PERCENTILE

percentile([distinct] col, percentage[, frequency])

Description

The percentile function PERCENTILE is used to calculate the percentile of numerical data in a specified column. When the data is sorted in ascending order, this function returns the value at the specified percentage position.

Parameter Description

  • col: The column for which the percentile is to be calculated. The data type should be numerical, including tinyint, smallint, int, bigint, float, double, and decimal.
  • percentage: The percentile to be calculated, with a data type of double constant.
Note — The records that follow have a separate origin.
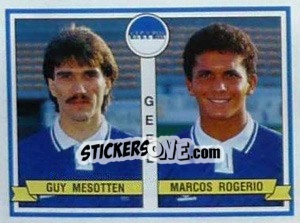Figurina Guy Mesotten / Marcos Rogerio - Football Belgium 1993-1994 - Panini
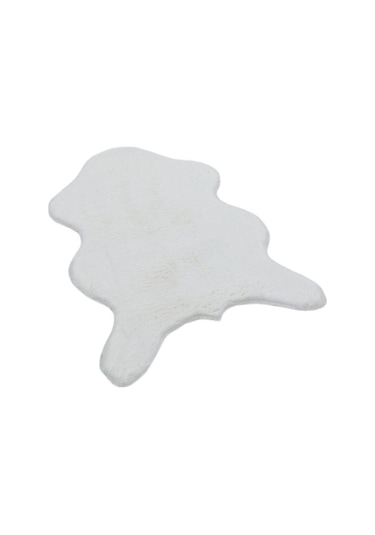 Hoom Rugs Rabbit Fur Pearl White Dekoratif Suni Post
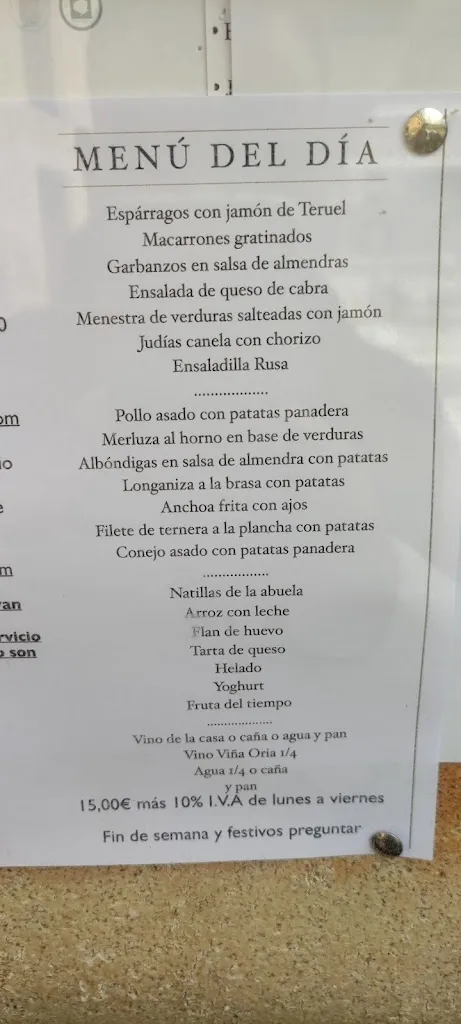 Menu_El Rincón_Ayerbe_immagine_4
The value range should be between 0.0 and 1.0.
  • frequency (optional): Indicates the number of times each data row is counted in the calculation. The data type should be a positive integer.

Return Result

This function returns a double type value representing the calculated percentile.

If the distinct keyword is used in the function, it indicates the calculation of the percentile for the deduplicated set. Note that null values are not included in the calculation.

Usage Example

The following is an example of using the PERCENTILE function:

  1. Calculate the 30th percentile of a non-deduplicated dataset:
SELECT percentile(col, 0.3) FROM VALUES (0), (10), (10), (null) AS tab(col);
+------------------------+
| percentile(col, 0.3BD) |
+------------------------+
| 6.0                    |
+------------------------+
  1. Calculate the 30th percentile of the deduplicated dataset:
SELECT percentile(DISTINCT col, 0.3) FROM VALUES (0), (10), (10), (null) AS tab(col);
+---------------------------------+
| percentile(DISTINCT col, 0.3BD) |
+---------------------------------+
| 3.0                             |
+---------------------------------+
  1. Calculate the 30th percentile of each data row being counted twice in the dataset:
SELECT percentile(col, 0.3, freq) FROM VALUES (0, 1), (10, 2) AS tab(col, freq);
+------------------------------+
| percentile(col, 0.3BD, freq) |
+------------------------------+
| 6.0                          |
+------------------------------+